Setiap 21 April, kita merayakan Hari Kartini. Berbagai seremoni digelar, baik lembaga negara, institusi swasta, lembaga pendidikan, maupun organisasi masyarakat. Namun, dari berbagai seremoni itu, paling sering Kartini ditampilkan dengan identifikasi kebaya dan lomba memasak.
Lebih jauh, Kartini disebut sebagai tokoh emansipasi. Lalu, perempuan modern yang berhasil di bidang masing-masing ditampilkan sebagai sosok Kartini modern. Namun, yang luput di situ adalah dimensi perjuangan Kartini yang lebih luas.

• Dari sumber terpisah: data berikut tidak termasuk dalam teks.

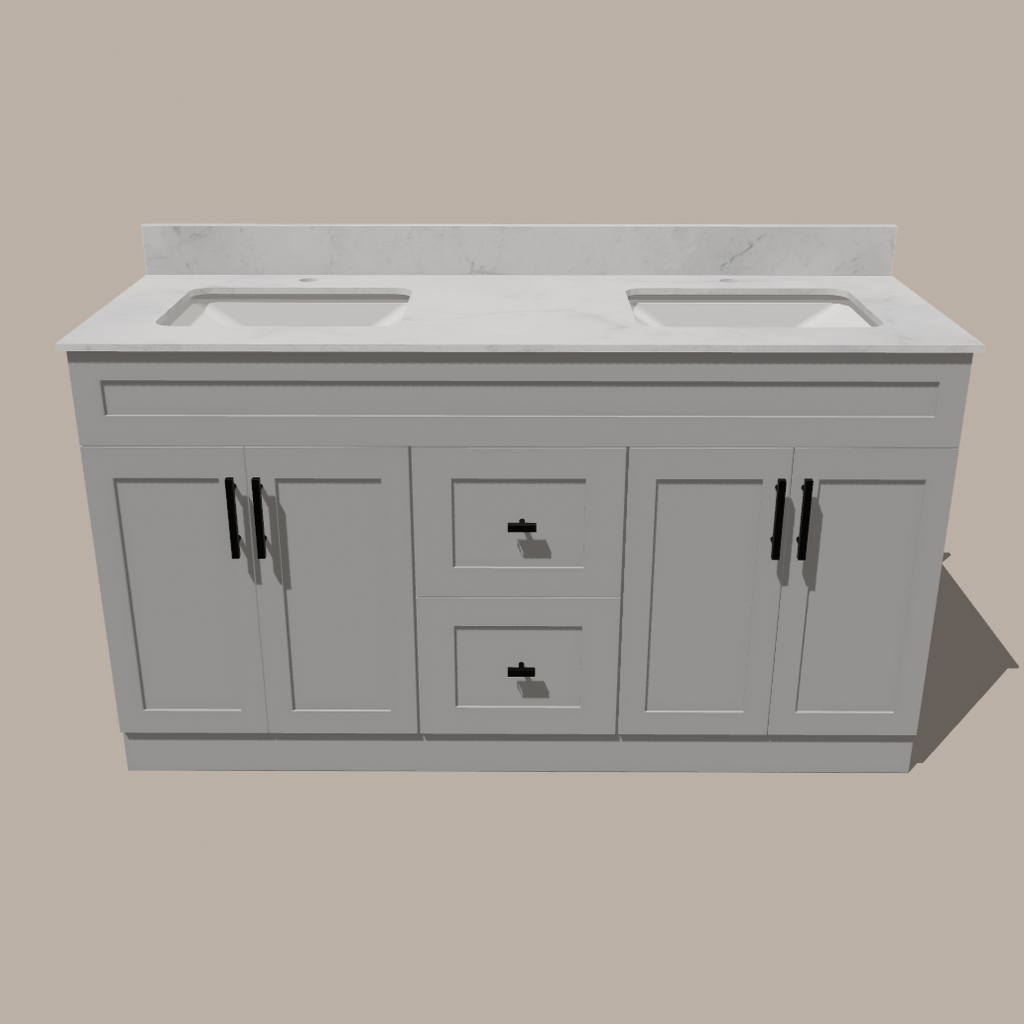 60-Inch Double Sink Shaker Bathroom Vanity — White or Gray | Plywood Cabinet, Solid-Wood Doors, Soft-Close 3-Way Clip-On Hinges | Center Drawers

Yang terjadi adalah depolitisasi warisannya. Kartini diperingati bukan sebagai penggugat sistem yang tak adil dan menindas, melainkan sebagai perempuan bangsawan Jawa dengan pakaian kebaya yang melekat dan gaya rambut disanggul.
Padahal, yang perlu dirayakan adalah api perjuangan Kartini yang melampaui isu-isu perempuan dan kesetaraan gender. Berikut empat api Kartini.
Api pertama, anti-feodalisme
Kartini lahir dalam struktur sosial yang ketat: putri seorang Bupati Jepara, Raden Mas Adipati Ario Sosroningrat. Tapi ia justru menjadi pengkritik keras sistem feodal Jawa. Ia melihat sendiri bagaimana masyarakat dibagi ke dalam kasta, dan bagaimana darah ningrat digunakan sebagai alat menindas.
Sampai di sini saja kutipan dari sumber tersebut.